A cold treachery - Charles Todd [121]
It was a sad remark to make.
When Rutledge didn't answer, he said, “Well . . . I must look to the fires. Please let us know if there's anything we can do. For Paul.”
Maggie watched the boy feeding the dog, coaxing Sybil to eat. But the dog was too busy licking the boy's pale face.
“I don't think she cares much for toast. Put some of the drippings on it. She'll like it better.”
He got up and went to the bowl Maggie kept by the sink. Sybil, knowing what he was about to do, went with him, drooling with anticipation. Her tail wagged furiously.
How could Sybil be wrong about him? Or had he killed in a moment of madness, long since carried away by the cold and the snow?
She refused to believe what she'd heard with her own ears. But that chilling “Bang! Bang-bang! Bang—” echoed in her brain. He had been there when the killing was done. That much was certain. The searchers had all but said he could be a witness. What they hadn't said was that he'd done this terrible deed. But perhaps they hadn't known, in the first rush to find the only survivor . . . Perhaps that came later.
She cursed her bad leg. She daren't go into Urskdale village to listen to the gossip. The journey there and back would put her in bed for a week. Longer. The London policeman had come three times. Suspicious, wanting to know about the old drift road that went over the Saddle and through the narrow cut that led south. A child could never have made that journey, not in summer even. What was it about the old road that intrigued the policeman? That one man could pass there, without being seen in the village?

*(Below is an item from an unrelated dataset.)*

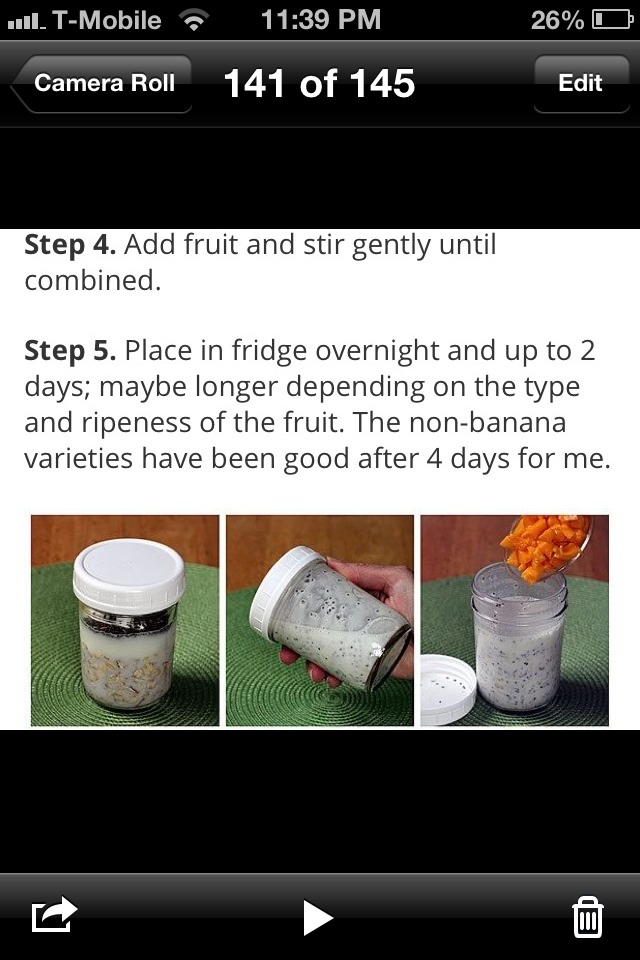 Amazing Overnight Oatmeal! Promotes Healthy Lifestyle And It's So Easy To Make! ❤👍❤👍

Closed to sheep it might be, but her father had made his way over the rocks when he was sixteen, and found the way to the coast. His father had given him a lashing with the leather belt for frightening his mother by disappearing for several days. But he'd had pocket change with him and bought a small pillow slip with Morecambe Bay embroidered on it to beg forgiveness, saying that he'd not realized it was so far to walk.
It was the only time her father had ever left the dale. He'd told her once that the sea wasn't much to look at and he'd decided that roaming didn't suit him after all. . . .

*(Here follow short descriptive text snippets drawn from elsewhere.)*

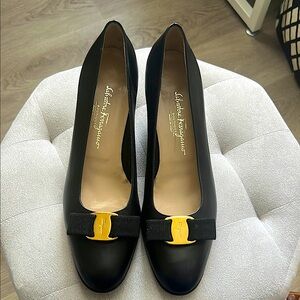 Salvatore Ferragamo Black and Gold Elegant Heels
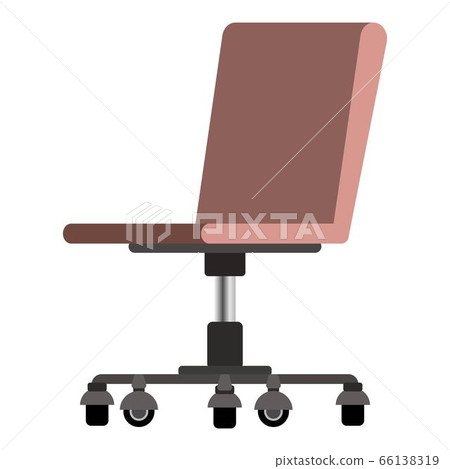 Trendy vector flat 3d office modern computer chair with pastel brown color shades 66138319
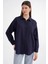 4670 Kadın Cepli Oversize Basic Keten Gömlek Lacivert 5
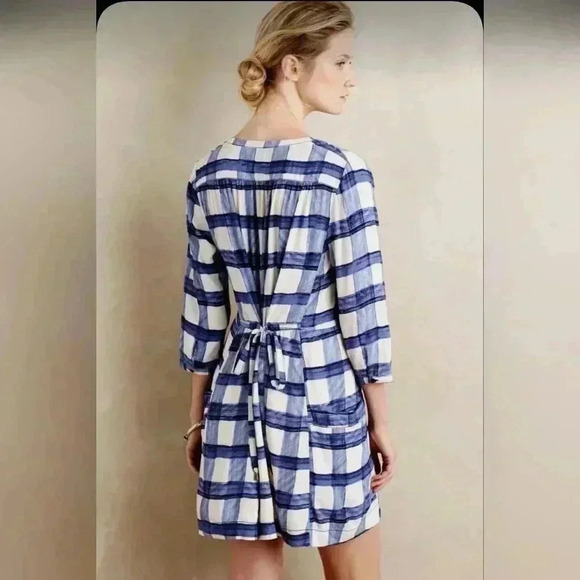 Maeve Anthropologie Devery Plaid Mini Belted Dress Small Women's - Picture 3 of 15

She went to the cupboard where her father had kept his belongings. The boy, idle now, watched her as she rummaged through the shelves. Frustrated, she leaned against the wall for a time until she could muster the energy to begin again.
And then she had a better idea and went out to the barn, dragging her foot after her as she searched for the clothes that had belonged to the sheep man who had died at Mons. A flat cap . . . leather, like some of the Londoners wore. Or so he'd said, jauntily clapping it on his head and laughing at her. She'd told him he looked a fool, but he had laughed again and said, “The girls in shops don't think so.” She called him cheeky, and had turned away, hiding her smile. But she had understood why the girls in the London shops found him dazzling . . .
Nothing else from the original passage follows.